Extra! Extra! Violence against women has its upside! Riss, sporting huge cat-eye shades and a Liz Taylor wig, puffing a long cigarette and emoting with her eyebrows, tells the camera that her attacker, for all his eccentricities, was the only man in whose company she could feel OK about taking off her glasses and exposing her scars—the implication being that, for women, men are positively essential to living. Riss, now 68, is a product of the '50s and, for all intents and purposes, so is Crazy Love. Not counting the opening Lacan quote that's used to solicit quick sympathy for the obsessive, psychology gets shoved aside in favor of the playful shrug. "Even Hitler has friends," concludes Pugach's jocular buddy, a frequent (and frequently irritating) talking head. "Whaddya gonna do?" As if in response, publicist-turned-director Dan Klores cues up Elvis' "Burning Love" for the end credits. A hunk o' burnin' lye in her eye?

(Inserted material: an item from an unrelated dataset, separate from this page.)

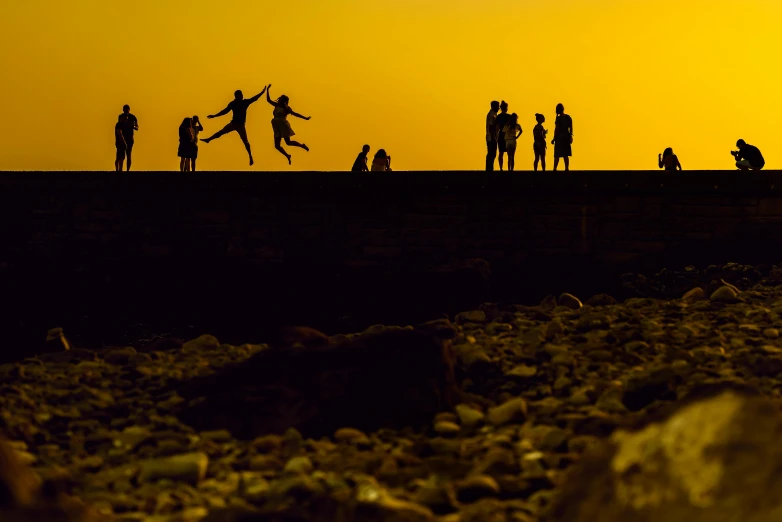 a group of people standing on top of a rocky beach, by Peter Churcher, pexels contest winner, art photography, warm golden backlit, horizontally leaping!!!, families playing, yellow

Crazy, man!

That there's enough "plot" in this bona fide melodrama to fill a dozen docs is conducive to the movie's near-total evasion of outside perspective. In 90-odd minutes, Pugach, Riss and their handful of friends—let's call them enablers—have just enough time to recount all the black-comic manifestations of lunatic love in the pair's half-century of association. "I had never seen a girl as beautiful as her," recalls Pugach of spying on Riss—whom early photos capture as a cross between Natalie Wood and Sophia Loren—while driving through the Bronx on Rosh Hashanah. "I had to have her." That's for sure. Pugach puts his baby-blue Caddy, airplane, nightclub and famous associates in the service of winning Riss, whose modest roots had her "impressed" with his privilege. But before long she finds out he's married. Then she learns he fabricated divorce papers in order to keep her in the relationship, so she splits. He charms her back, then forces her to prove her virginity through medical examination. She gets tired of waiting for a ring, splits again, meets another guy and gets engaged. Pugach harasses her—and then has her maimed.

And that's just the beginning. Pugach defended himself in court, and Klores invites him to do the same thing here. "Those paddy wagons were terrible—there were no windows!" Pugach whines. However sick this tabloid star may be, Crazy Love is a celebrity doc by definition, with all its attendant trade-offs, and even the director admits that his access wasn't free. "Quickly I realized that with Burt," says Klores in the press kit, "if I treat him with respect, which of course I would, I'm going to be able to go everywhere I want." Yes, of course the documentarian would treat this monstrous bully with respect. For an encore, maybe Klores should direct The O.J. Simpson Story.

To be blunt, Crazy Loveis a snappy, upbeat movie about sexual violence. It's already proven irresistible to plenty of people, including women: The "stars" got huge applause after the first screening at Sundance (Let's hear it for marriage?), and Klores, despite failing to shoot even talking heads in focus, got a distribution deal. What his movie sells—at a time when women are staying single more than ever, scaring those who prefer the clearer rules of engagement—is a way of life whereby the acceptance of brutish "romance" may be crazy, but easier than putting up a fight.